Heard the open was a quad with most of the dogs doing the test (in some form) early!


----------



## Jay Dufour (Jan 19, 2003)

Anything on the Qualifying ?Callbacks or placements...?


----------



## Chuck McCall (Jun 29, 2003)

Marshall stone and Hannah won the qual. Moody second Edwards third and Brasseaux 4th


----------



## Jay Dufour (Jan 19, 2003)

Thanks Chuck....Congrats placements and Jams.Wish I was there....


----------



## bmiles (Aug 20, 2004)

Way to go Marshall !


----------



## Aaron Homburg (Sep 23, 2005)

*37 to the land blind in the Open.

All I know Regards,

Aaron*


----------



## duke7581 (Jan 17, 2008)

open callbacks
1 3 4 5 8 11 12 13 14 17 19 20 21 22 25 26 30 31 33 34 35 37 39 41 42 44 47 51 52 53 56 58 62 65 67 68 69


----------



## TMURRAY (Feb 17, 2005)

Chuck McCall said:


> Marshall stone and Hannah won the qual.


Congrats to Marshall and Hannah!!!!!


----------



## Gwen Jones (Jun 19, 2004)

A huge congrats on QAA Farmer and Charlie Moody. Way to go Mark Medford.


----------



## Ricky Elston (Nov 25, 2004)

Congrats Marshall and sweet lil Hannah.


----------



## Jacob Hawkes (Jun 24, 2008)

Dry pop, double blind in The Open. Mound to the left of the mat that the handlers can handle from after the dogs cross the 1st ditchlike piece of water. There's a 2nd ditchlike piece of water another 50 yards en route to both blinds. Shorter of the 2 blinds was on the left. One a lil further to the right is *tough*. It's right against an old fence row (No, there's no fence there, obviously.). Tough test for sure.

Started with #33.


----------



## Jacob Hawkes (Jun 24, 2008)

1st Series in the derby. Memory bird on the right thrown right to left (Slight angled back.). Flyer on the left thrown left to right.


----------



## Jacob Hawkes (Jun 24, 2008)

#6 Scratched in The Derby. All but #7 back to the 2nd. 

Watermarks in the 2nd. Right hand memory bird thrown left to right into a lil brush pile on the water edge. Left hand go bird thrown left to right.
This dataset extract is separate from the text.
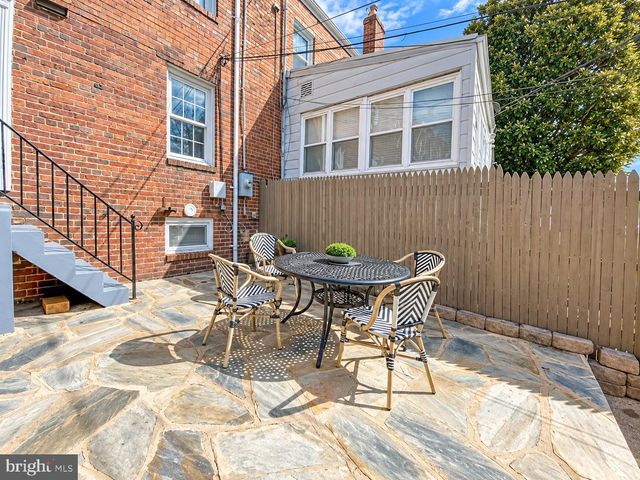 2120 N BRANDYWINE ST, Arlington, VA 22207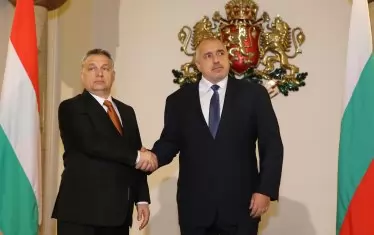  Сигурно е хубаво да си имаш по един ятак като Орбан - в случай на криза.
Test dog just ran.


----------



## Jacob Hawkes (Jun 24, 2008)

Callbacks to the 3rd in The Derby.

2-4 & 8-14.


----------



## Jay Dufour (Jan 19, 2003)

Yay Charlie,Farmer,and Mark ! Buster sends kudos to his bubba


----------



## hibanks (Apr 24, 2005)

Congrats to Marshall and Hannah!


----------



## Jacob Hawkes (Jun 24, 2008)

Callbacks to The 3rd in The Open. 

1, 3, 4, 11, 17, 19, 22, 30, 37, 42, 44, 47, 53, 56, 58, 65, 67, & 69.


----------



## Jacob Hawkes (Jun 24, 2008)

Waterblind @ The Open is run from the mound that was to the left of the mat from the double land blind. It crosses both ditchlike pieces of water, catch a piece of a pond, hit land for about 40-60 yards (Pure guess.), hit another pond, cross that and another 60-80 yards (Pure guess.) to the blind. 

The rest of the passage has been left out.